A short setup walkthrough for the N64 — including the realities of running a 30-year-old console on a modern TV.

01 / SETUP

Hook it up

  1. Plug in the AV cable

    Yellow = video. White = audio (the N64 outputs mono — only the white plug is needed for sound, but the red one can be connected too if the TV has it).

  2. Connect power

    The AC adapter goes into the back of the console. Other end into the wall.

  3. Plug in a controller

    Use Controller Port 1 (leftmost). The N64 controller has three handles — hands go on the center and right grips for most games.

  4. Insert a game

    Push the cartridge in firmly until it clicks.
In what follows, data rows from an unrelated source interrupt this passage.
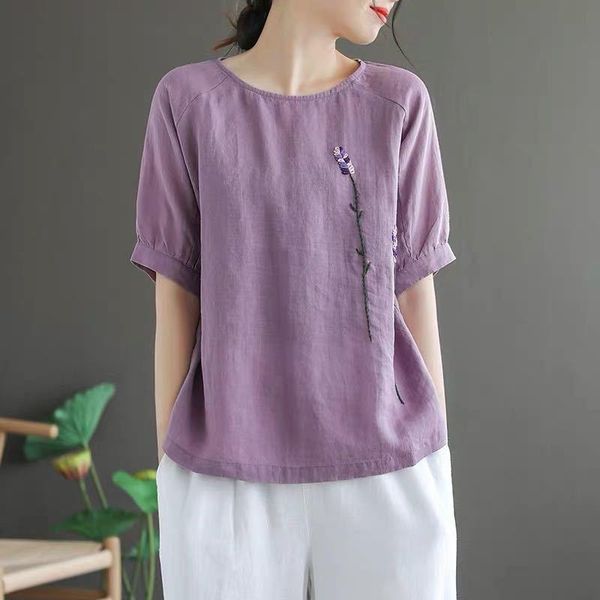 women's blouses & shirts 100% cotton embroidery blouse summer for women plus size vintage clothes ladies o neck loose casual white
women's blouses & shirts 100% cotton embroidery blouse summer for women plus size vintage clothes ladies o neck loose casual white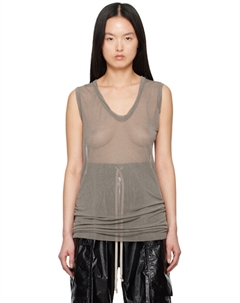 Серый топ-майка Hollywood SL с V-образным вырезом Rick owens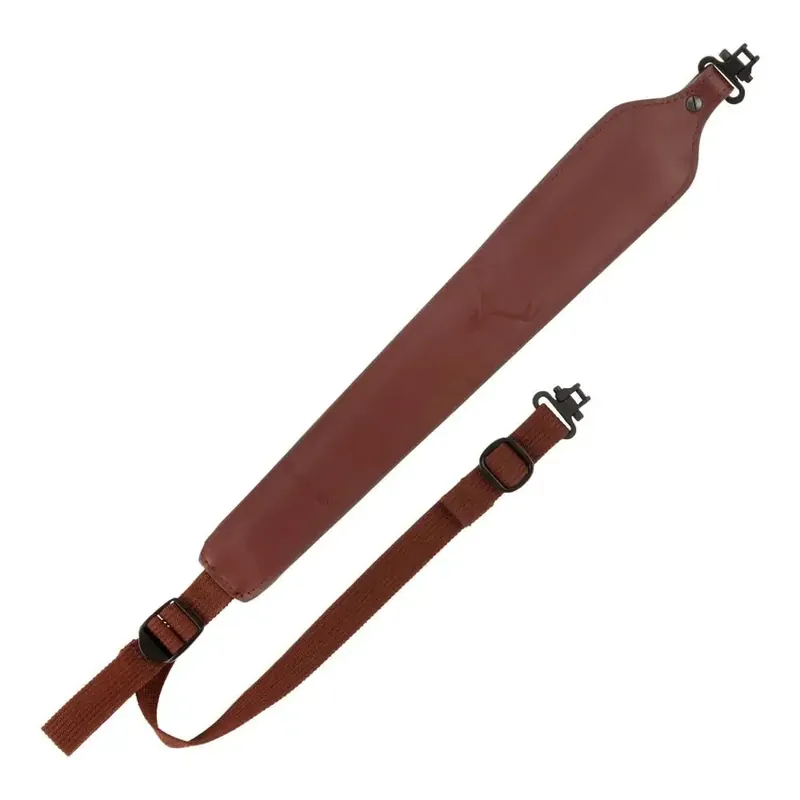Allen 8145 Cobra Sling with Swivels 1.60" W x 20.30" L Adjustable Brown Leather for Rifle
Then slide the Power switch on the front to ON.

  5. Switch the TV input

    Select AV / Composite / Video on the TV. If the TV doesn't have a yellow video jack, a composite-to-HDMI adapter is needed (around $15 on Amazon).

02 / ACCESSORIES

What slots in where

  1. Memory Pak

    Slides into the back of the controller. Saves files for games that don't use battery-backed cartridges (Mario Kart 64, Tony Hawk).

  2. Rumble Pak

    Same slot as the Memory Pak — only one can be used at a time. Requires two AAA batteries.

  3. Expansion Pak

    Goes in the slot on top of the console (under the cover). Required for Donkey Kong 64, Majora's Mask, and a few others.

03 / FAST FIXES

Common hiccups

Garbled graphics or won't boot
Power off, remove the cartridge, gently blow dust off the contacts (compressed air, not your mouth — moisture corrodes the pins), and reseat firmly. This solves 90% of cartridge issues.
No picture
Confirm yellow = video, white = audio. Try a different input on the TV. Modern TVs sometimes label composite as "AV" or hide it behind a 3.5mm adapter port.
Analog stick feels loose or drifts
N64 sticks are mechanical and wear over time — slight looseness is normal. Replacement stick assemblies are widely available if it's bad enough to affect gameplay.
Picture is grainy on a modern TV
This is expected. The N64 outputs 240p composite, which modern flatscreens upscale poorly. A composite-to-HDMI adapter helps, and CRT TVs give the best image.